Compare every AI agent framework, verified live →How to get started with LangGraph
Start small: install LangGraph, define a state schema, and build the two-node reason/act loop above before adding branches. Wire in your model and tools through LangChain, connect any external systems via MCP servers, and add a checkpoint so you can pause and resume. Keep the agent’s autonomy narrow at first — one well-scoped job — and widen it as you trust it. For the bigger picture of what you’re building, see our guides to AI agents and agentic AI.
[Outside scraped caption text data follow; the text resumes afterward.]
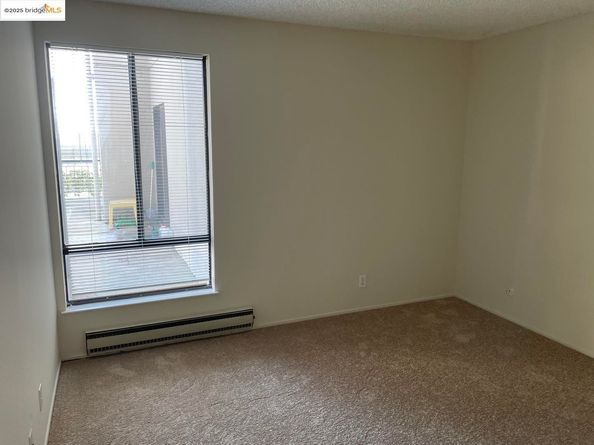 Undisclosed Address #41108229, Emeryville CA 94608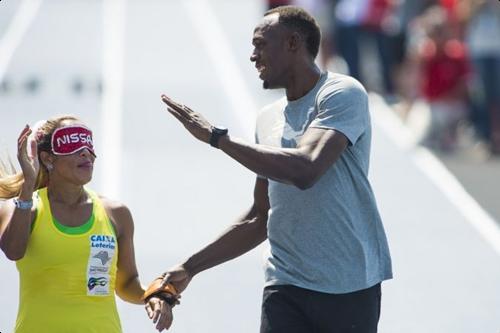 Usain Bolt serviu de guia para Terezinha Guilhermina no Jockey Club Brasileiro / Foto: Rio 2016 / Alex Ferro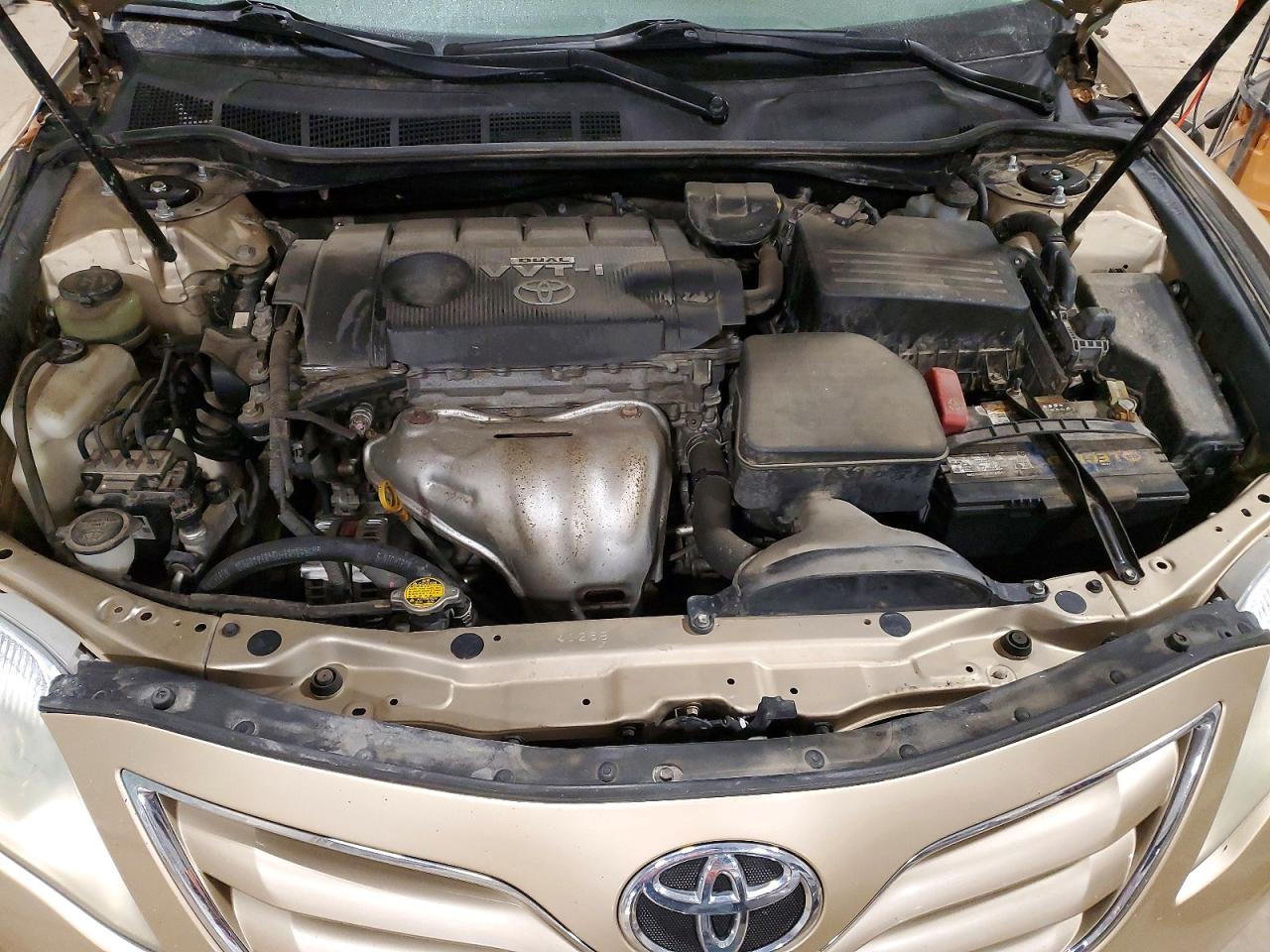 2010 TOYOTA CAMRY LE photo 21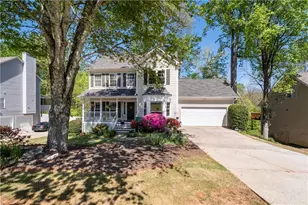 385 Oak Springs Dr, Lawrenceville, GA 30043 - Photo 2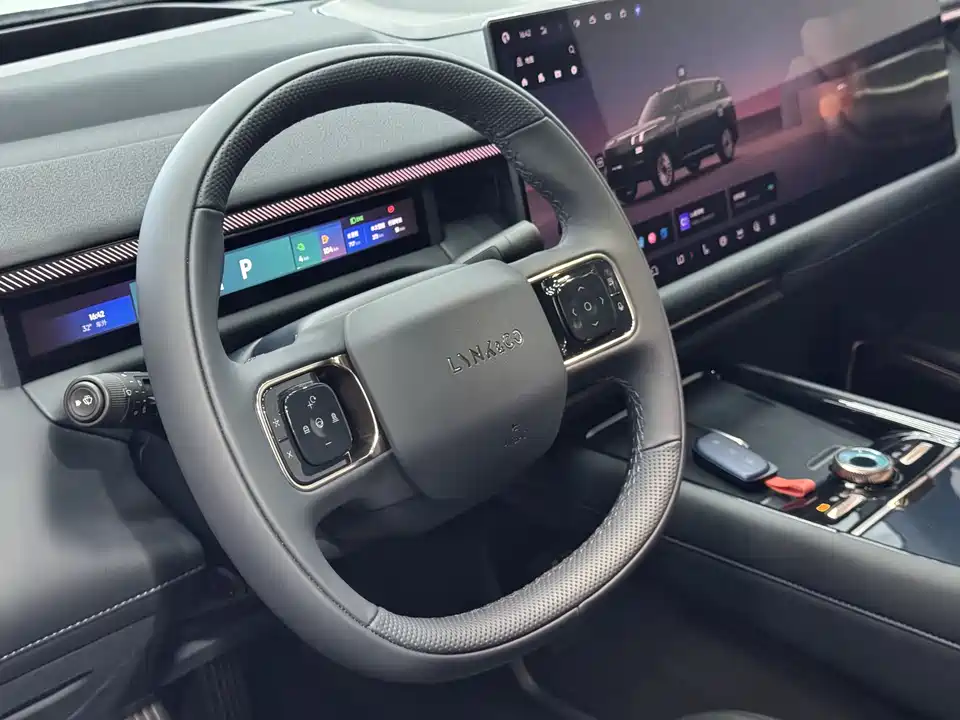Lynk & Co 900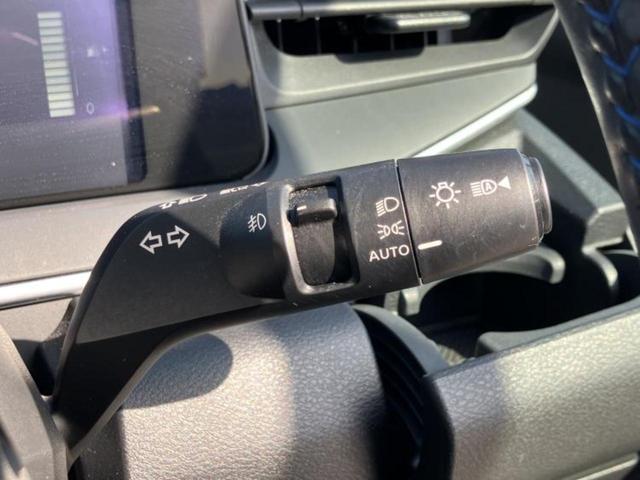 ノート オーテッククロスオーバー　新品タイヤ／保証書／純正　９インチ　ナビ／衝突安全装置／アラウンドビューモニター／車線逸脱防止支援システム／シート　ハーフレザー／プロパイロット／ヘッドランプ　ＬＥＤ／ＥＢＤ付ＡＢＳ　全周囲カメラ（16枚目）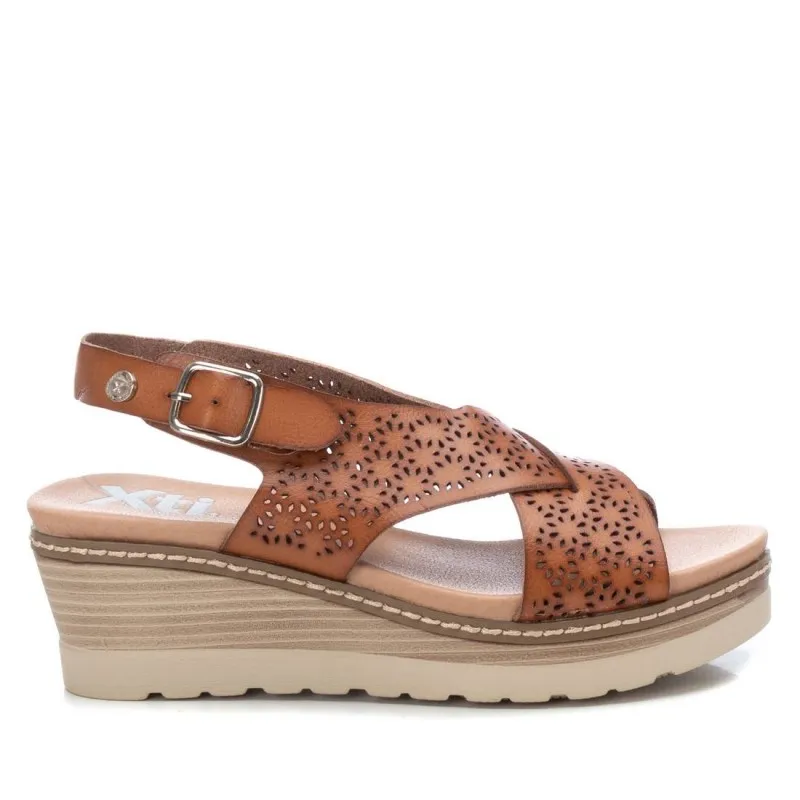 Sandalia de mujer XTI 140905 Taupe
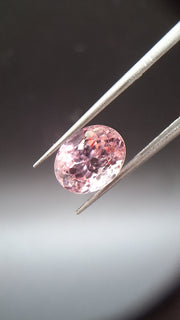 Pink turmalin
Frequently asked questions
What is LangGraph in simple terms?
LangGraph is an open-source Python (and JavaScript) framework for building AI agents as a graph. You define nodes — steps like calling a model or running a tool — and edges that decide which node runs next based on the current state. Because it is a graph, an agent can loop, branch, and pause, instead of running once top to bottom.
Is LangGraph part of LangChain?
LangGraph is built and maintained by LangChain, but it is a separate library that solves a different problem. LangChain is the high-level toolkit for composing model calls and integrations; LangGraph is the low-level runtime that executes stateful, multi-step agent logic. Since October 2025, LangChain’s own agents run on LangGraph’s engine under the hood.
LangGraph vs LangChain — which should I use?
Use LangChain when your workflow is linear — a RAG pipeline, single-turn Q&A, or quick prototype. Use LangGraph when your agent needs to loop, branch, pause for human input, or recover from failures. In production, most teams use both: LangChain for models and integrations, LangGraph for the agent execution loop.
Is LangGraph free?
Yes. The LangGraph library is open source and free to self-host (MIT-licensed) — you only pay the model provider for the tokens your agent uses. LangChain also sells two optional paid products around it: LangSmith (observability, tracing, and evaluation) and LangGraph Platform (managed deployment and scaling). The core library needs neither.
What language is LangGraph written in?
LangGraph is primarily a Python library, with an official JavaScript/TypeScript version (LangGraph.js). Its state is defined with a typed schema (a Python TypedDict), which is part of why it is more predictable than an implicit agent loop.
Do I need LangGraph to build an AI agent?
No. LangGraph is one option among several agent frameworks. Alternatives include CrewAI (role-based multi-agent crews), Microsoft AutoGen (conversational multi-agent), LlamaIndex (data/RAG-centric agents), and the OpenAI Agents SDK. LangGraph is favored when you need fine-grained control over a stateful, cyclic workflow.